THE TASK:
Search the records for "Costume" and copy each line that holds it.

[Data excerpts]
---+---
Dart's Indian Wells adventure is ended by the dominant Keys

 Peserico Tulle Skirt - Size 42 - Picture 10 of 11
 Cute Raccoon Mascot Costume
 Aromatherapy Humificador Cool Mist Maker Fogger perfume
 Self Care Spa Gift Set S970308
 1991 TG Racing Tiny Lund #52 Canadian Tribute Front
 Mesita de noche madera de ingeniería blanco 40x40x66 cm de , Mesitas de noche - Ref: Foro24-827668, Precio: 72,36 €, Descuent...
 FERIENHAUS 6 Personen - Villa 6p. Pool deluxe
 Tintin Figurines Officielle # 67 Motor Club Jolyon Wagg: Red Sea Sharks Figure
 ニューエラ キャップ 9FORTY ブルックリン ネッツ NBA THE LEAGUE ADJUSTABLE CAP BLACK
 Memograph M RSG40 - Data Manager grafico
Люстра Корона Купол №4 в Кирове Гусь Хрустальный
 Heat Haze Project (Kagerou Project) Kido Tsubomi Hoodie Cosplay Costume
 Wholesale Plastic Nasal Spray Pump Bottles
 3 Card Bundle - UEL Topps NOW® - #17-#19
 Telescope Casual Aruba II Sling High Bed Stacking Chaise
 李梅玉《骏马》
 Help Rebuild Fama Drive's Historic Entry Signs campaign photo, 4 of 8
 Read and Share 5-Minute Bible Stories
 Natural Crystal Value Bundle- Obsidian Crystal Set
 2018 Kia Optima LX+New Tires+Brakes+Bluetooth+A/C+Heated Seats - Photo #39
---+---
OUTPUT OF THE TASK:
 Cute Raccoon Mascot Costume
 Heat Haze Project (Kagerou Project) Kido Tsubomi Hoodie Cosplay Costume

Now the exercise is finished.